While in Ottawa this past long weekend, Angela and I felt no guilt whatsoever in ditching our daughters on Family Day and driving 15 minutes north to Le Nordik in the snowy Gatineau Hills.
We were excited to check out the many features that have been added to the 100,000-square-foot spa complex since our last visit in 2014. And we weren’t disappointed: I’ll cover all but one of them in an upcoming post about my recent craft beer-related travels. That’s right: Spas and craft beer, together at last.
The one new experience I simply can’t wait to share -- the Aufguss Ritual -- was unlike anything I’ve ever done, in a spa or otherwise.
After one glorious circuit of Le Nordik’s various hot and cold pools, saunas and steam rooms, we made our way to the spacious Finlandia sauna 10 minutes before the 1pm Aufguss. (The 15-minute ritual takes place on the hour every other hour.)
Sitting on the topmost of the three wooden tiers surrounding the sauna’s table-sized stove, we had worked up quite a sweat by the time the sounding of a gong signalled the start of the ritual. Within minutes, the place was packed.
While setting down several buckets of water, snow and perfectly formed snowballs, the Aufguss Master explained how the ritual would unfold and encouraged us to “listen to our bodies” and move to lower seating, or leave the sauna altogether, should the heat become uncomfortable.
Dramatic music filled the space as our young guide scooped out three of the snowballs, each infused with essential oils, and dropped them one by one onto the enormous stove’s super-heated rocks. Juniper-scented steam immediately rose into the air, and was enthusiastically dispersed by the Aufguss Master as she skillfully whirled a folded towel around the sauna, her tattooed arms glistening with sweat.

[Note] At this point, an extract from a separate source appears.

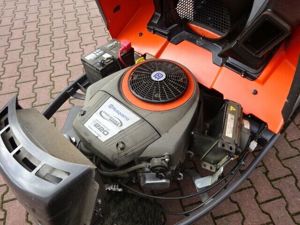 Husqvarna Rider Rasentraktor R422TS AWD Bild 9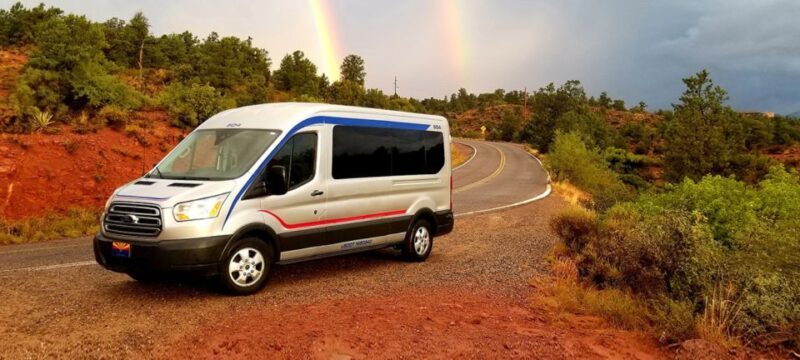Sedona Mini Coach Tour - What to Expect During the Tour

This exhilerating process was repeated two more times with different oils, raising the temperature and humidity to a point where a few members of the audience took their leave. Then, just before the ritual ended with efflusive and well-deserved applause, those who remained were cooled off in thrilling fashion when the Aufguss Master used her wooden scoop to douse us repeatedly with icy meltwater. Did I scream? You bet I did. Was it with pleasure or with pain? I’m not entirely sure -- and, as with many aspects of Le Nordik, that was the magic of the experience.